> Requirement
The entries that follow must be written out exactly, without any of the pictures they contain.

Short descriptive text snippets:
☆ ☆ ☆
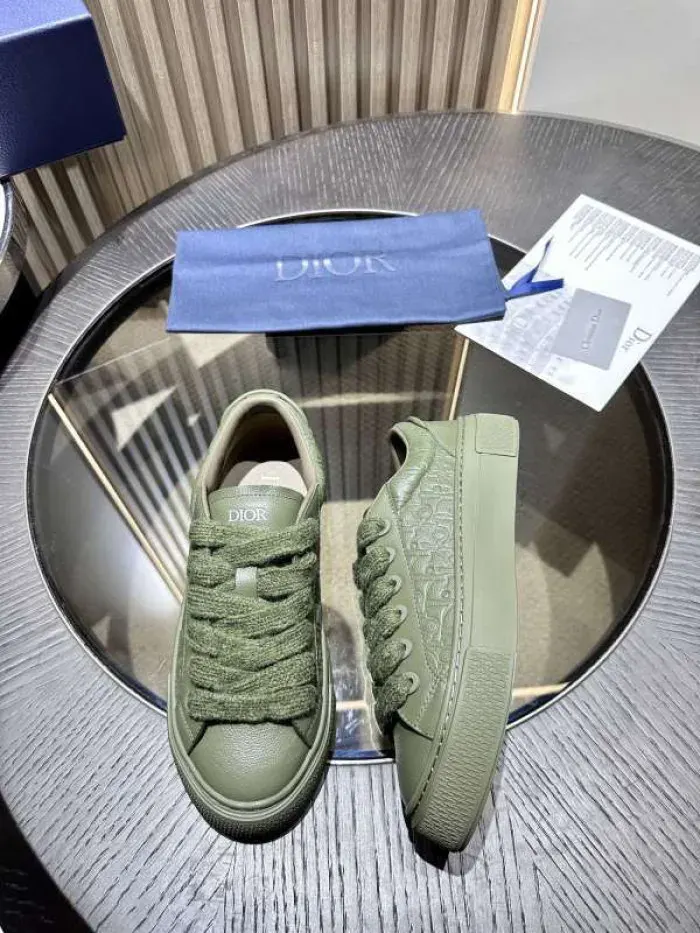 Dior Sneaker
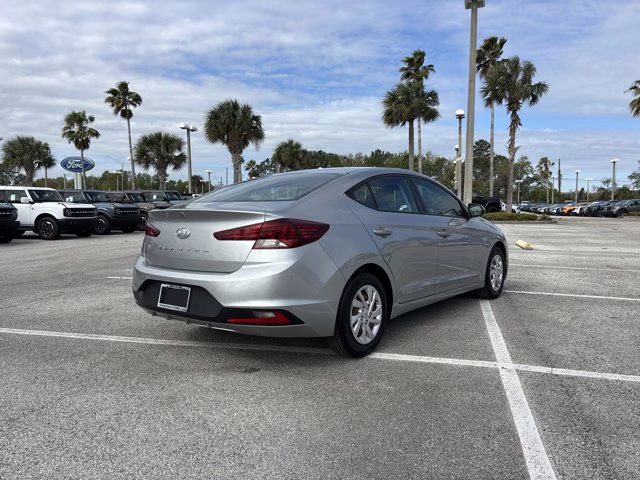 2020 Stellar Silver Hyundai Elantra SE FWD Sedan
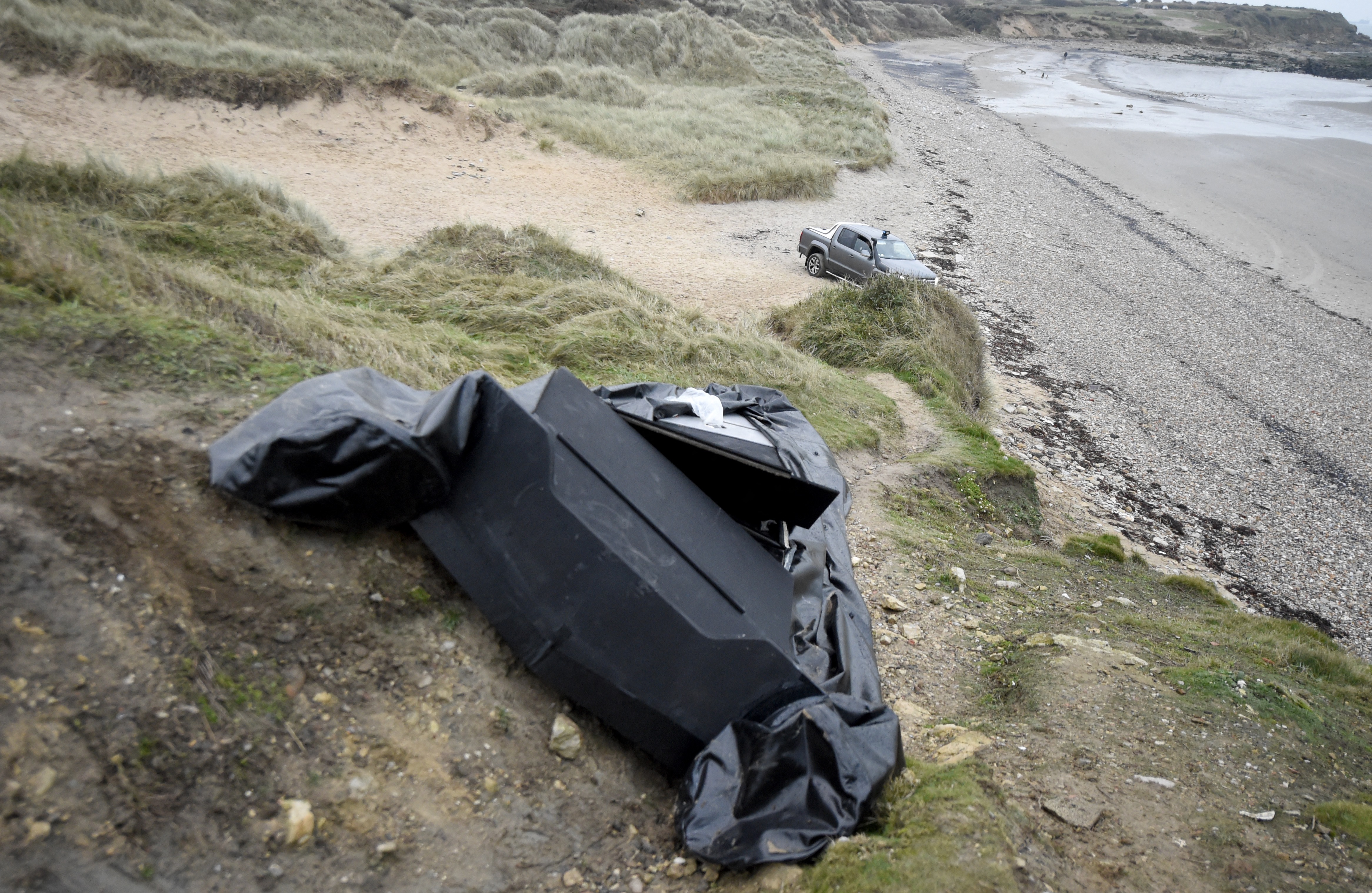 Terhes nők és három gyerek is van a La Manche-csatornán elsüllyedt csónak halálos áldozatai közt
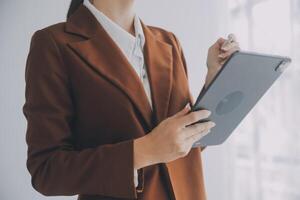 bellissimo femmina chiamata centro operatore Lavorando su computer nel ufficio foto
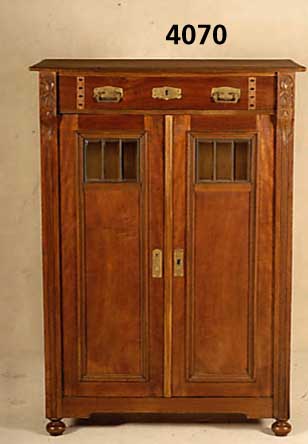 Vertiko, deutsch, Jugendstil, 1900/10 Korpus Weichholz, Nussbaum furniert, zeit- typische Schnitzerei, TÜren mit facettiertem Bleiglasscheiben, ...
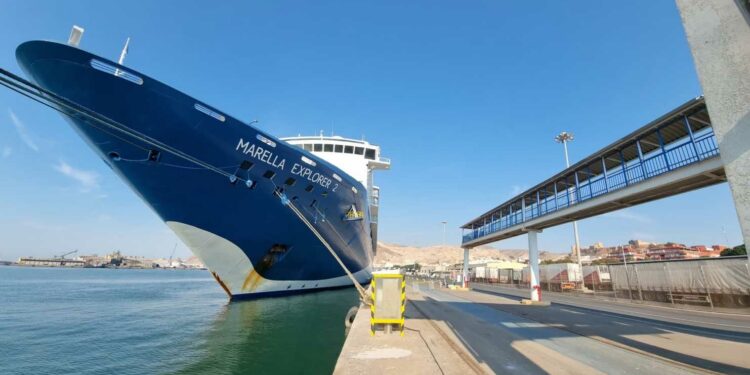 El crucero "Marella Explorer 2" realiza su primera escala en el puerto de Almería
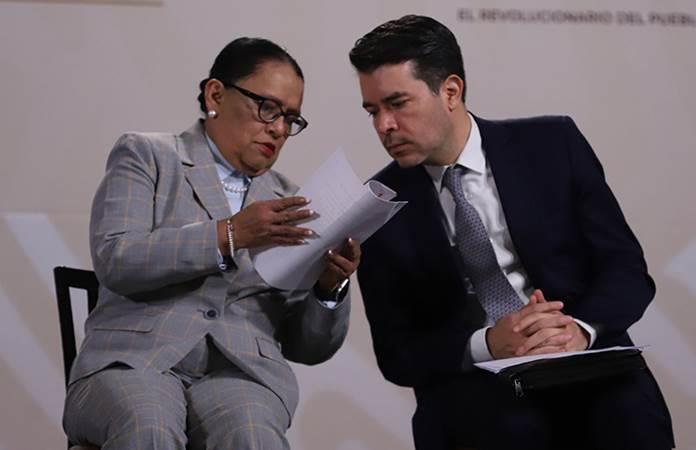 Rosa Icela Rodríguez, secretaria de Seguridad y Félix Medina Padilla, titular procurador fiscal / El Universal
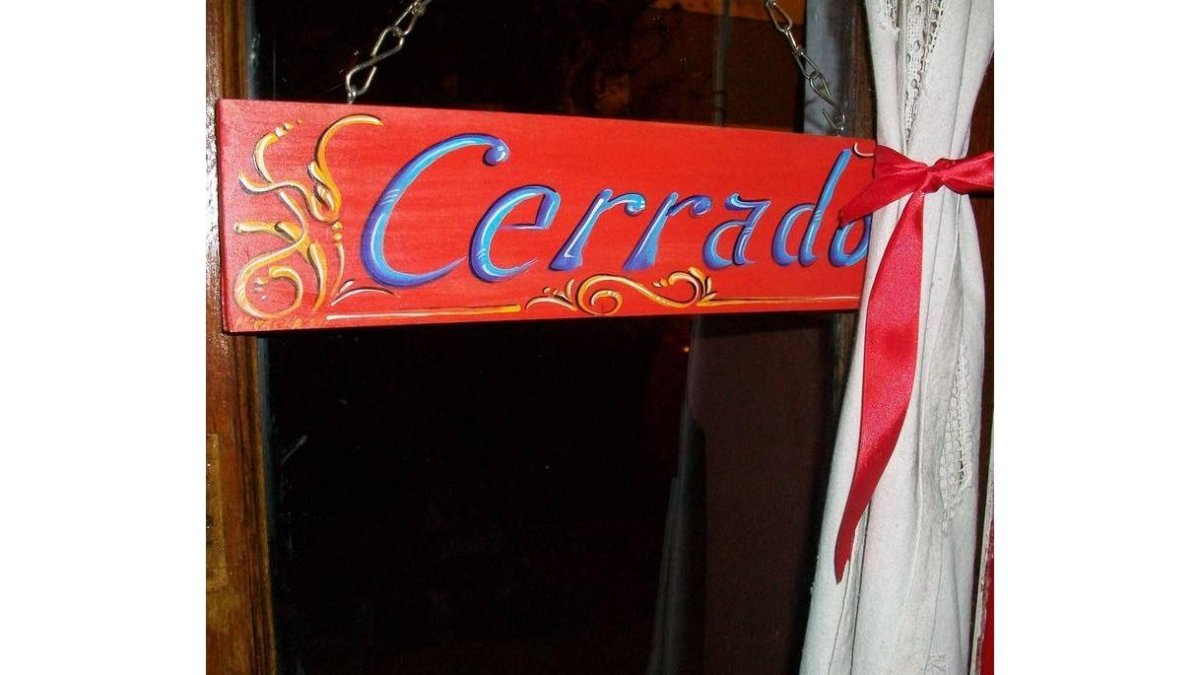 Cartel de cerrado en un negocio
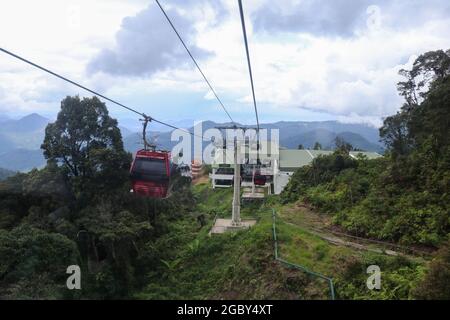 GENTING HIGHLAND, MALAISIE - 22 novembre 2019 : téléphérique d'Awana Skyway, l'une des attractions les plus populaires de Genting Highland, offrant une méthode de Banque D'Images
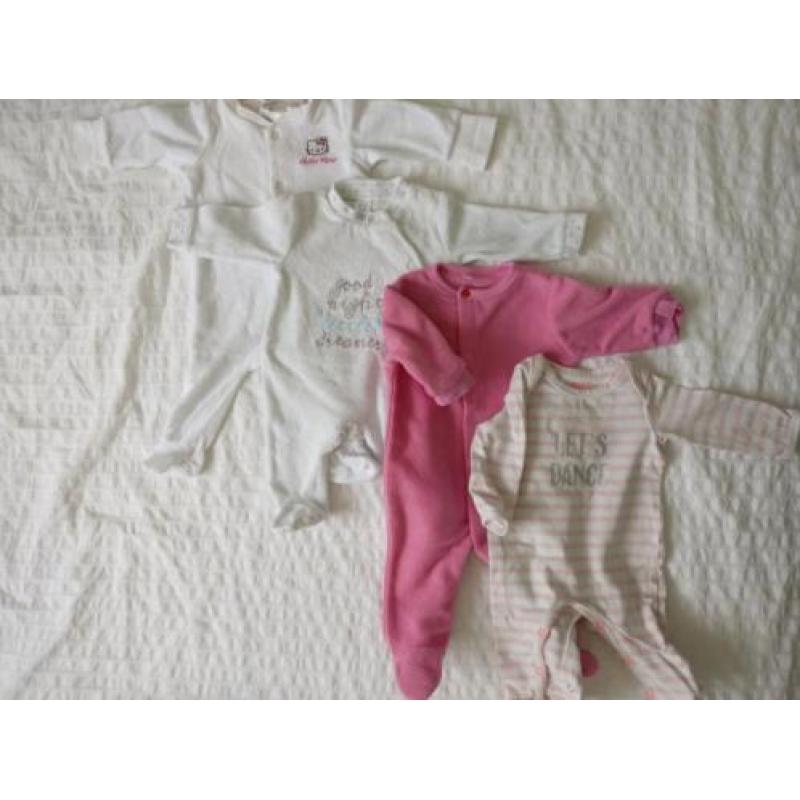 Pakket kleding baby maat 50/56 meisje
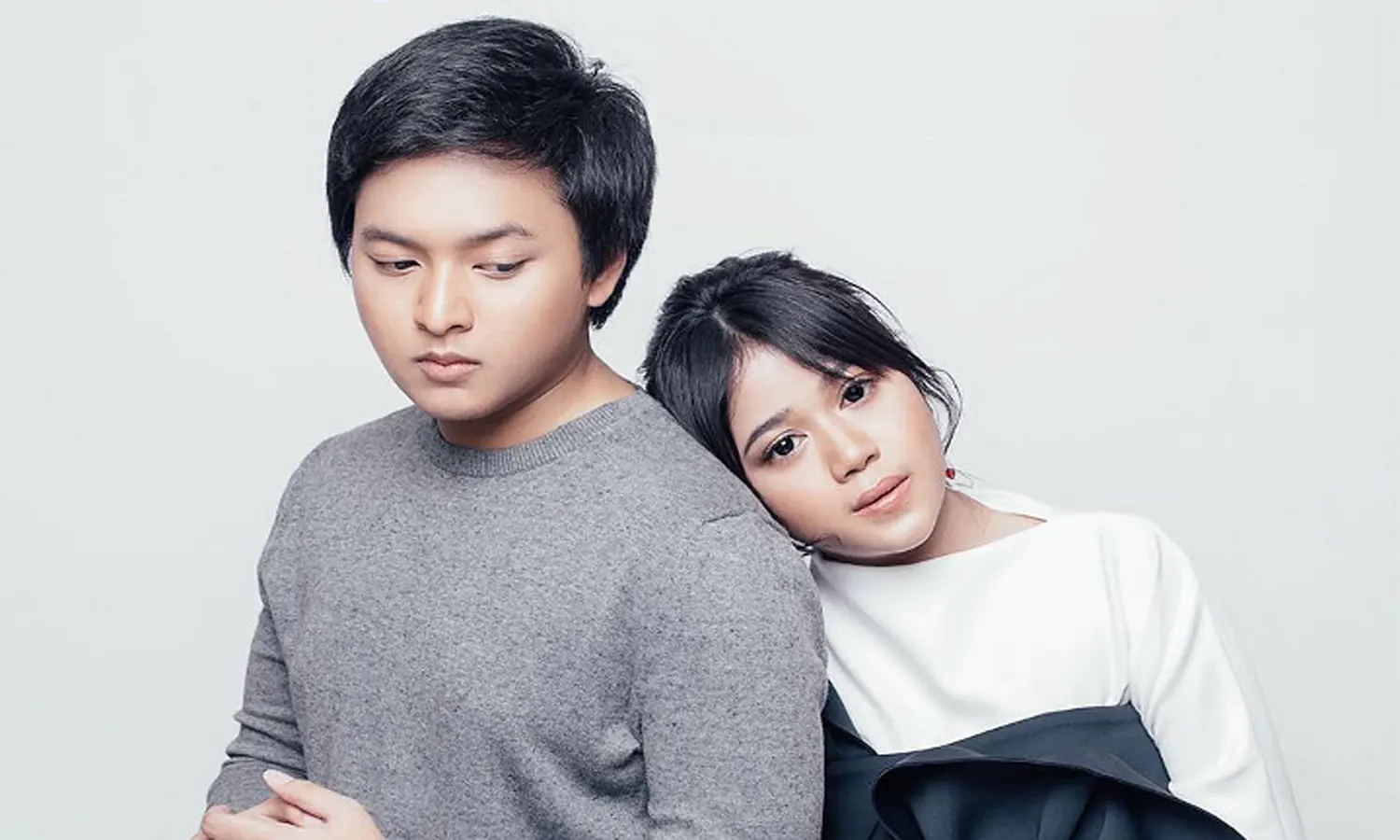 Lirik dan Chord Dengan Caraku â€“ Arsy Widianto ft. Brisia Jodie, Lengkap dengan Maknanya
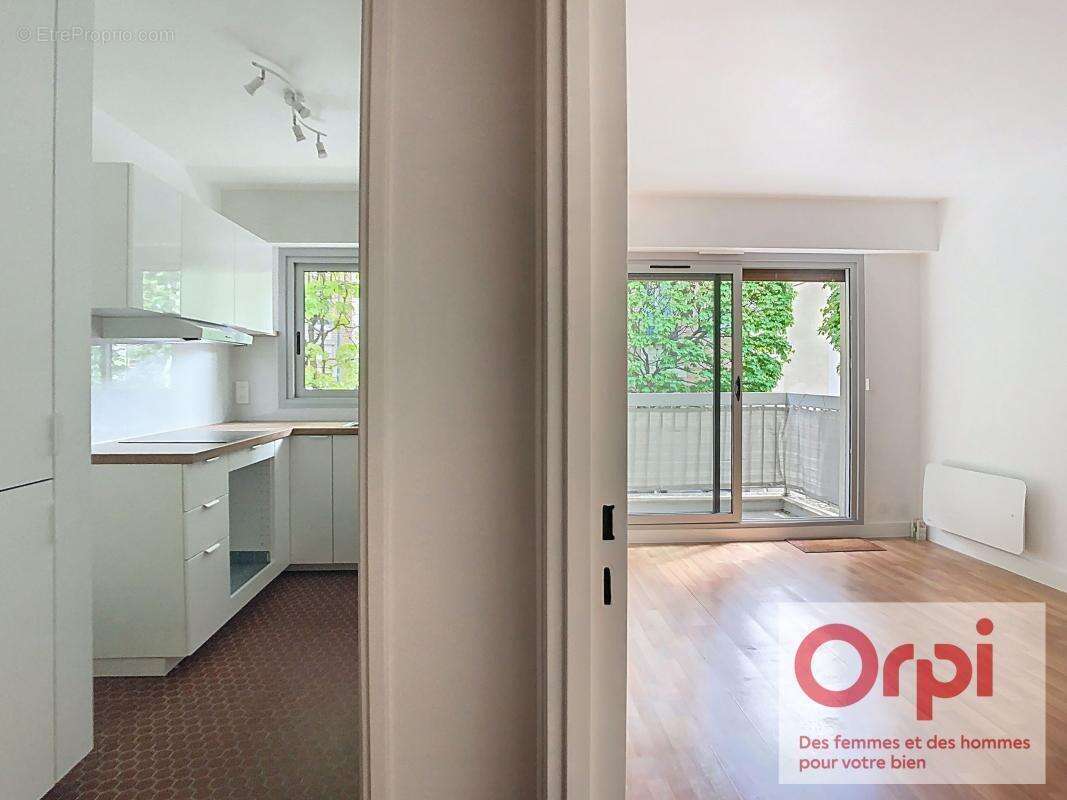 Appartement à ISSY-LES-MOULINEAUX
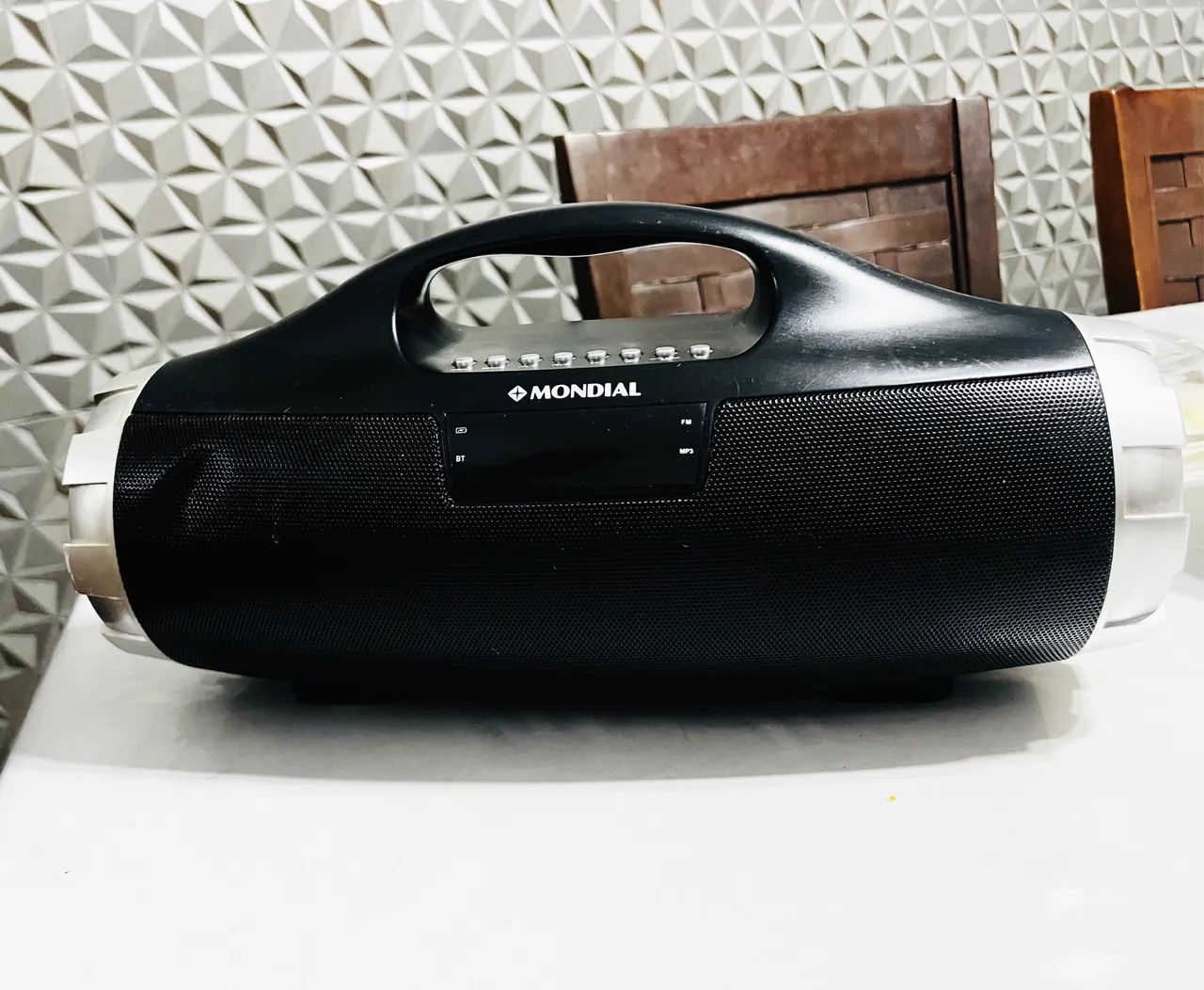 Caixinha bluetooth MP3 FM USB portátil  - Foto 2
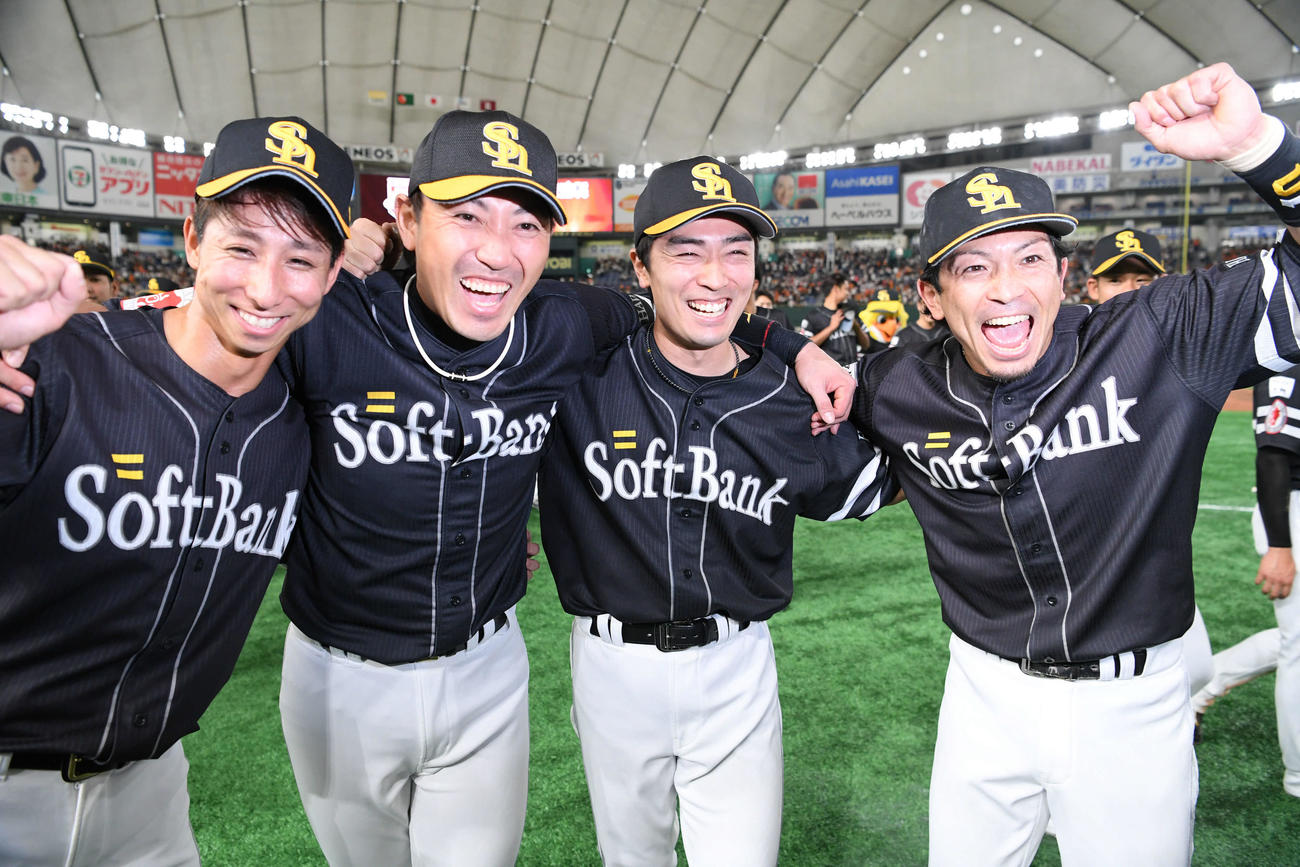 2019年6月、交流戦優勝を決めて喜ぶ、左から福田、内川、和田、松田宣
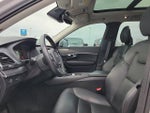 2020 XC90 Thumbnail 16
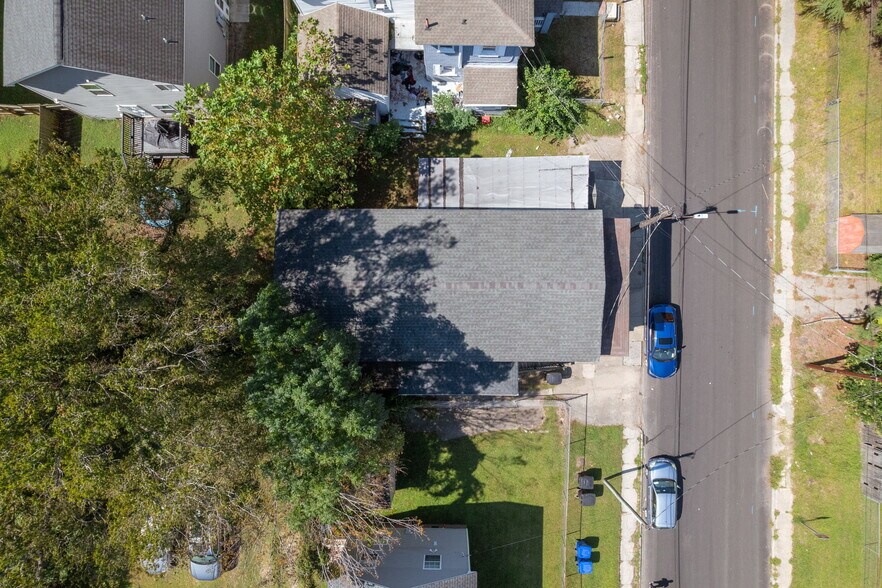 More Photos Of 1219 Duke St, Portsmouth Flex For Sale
☆ ☆ ☆
> Response for this exercise
 Dior Sneaker
 2020 Stellar Silver Hyundai Elantra SE FWD Sedan
 Terhes nők és három gyerek is van a La Manche-csatornán elsüllyedt csónak halálos áldozatai közt
 bellissimo femmina chiamata centro operatore Lavorando su computer nel ufficio foto
 Vertiko, deutsch, Jugendstil, 1900/10 Korpus Weichholz, Nussbaum furniert, zeit- typische Schnitzerei, TÜren mit facettiertem Bleiglasscheiben, ...
 El crucero "Marella Explorer 2" realiza su primera escala en el puerto de Almería
 Rosa Icela Rodríguez, secretaria de Seguridad y Félix Medina Padilla, titular procurador fiscal / El Universal
 Cartel de cerrado en un negocio
 GENTING HIGHLAND, MALAISIE - 22 novembre 2019 : téléphérique d'Awana Skyway, l'une des attractions les plus populaires de Genting Highland, offrant une méthode de Banque D'Images
 Pakket kleding baby maat 50/56 meisje
 Lirik dan Chord Dengan Caraku â€“ Arsy Widianto ft. Brisia Jodie, Lengkap dengan Maknanya
 Appartement à ISSY-LES-MOULINEAUX
 Caixinha bluetooth MP3 FM USB portátil  - Foto 2
 2019年6月、交流戦優勝を決めて喜ぶ、左から福田、内川、和田、松田宣
 2020 XC90 Thumbnail 16
 More Photos Of 1219 Duke St, Portsmouth Flex For Sale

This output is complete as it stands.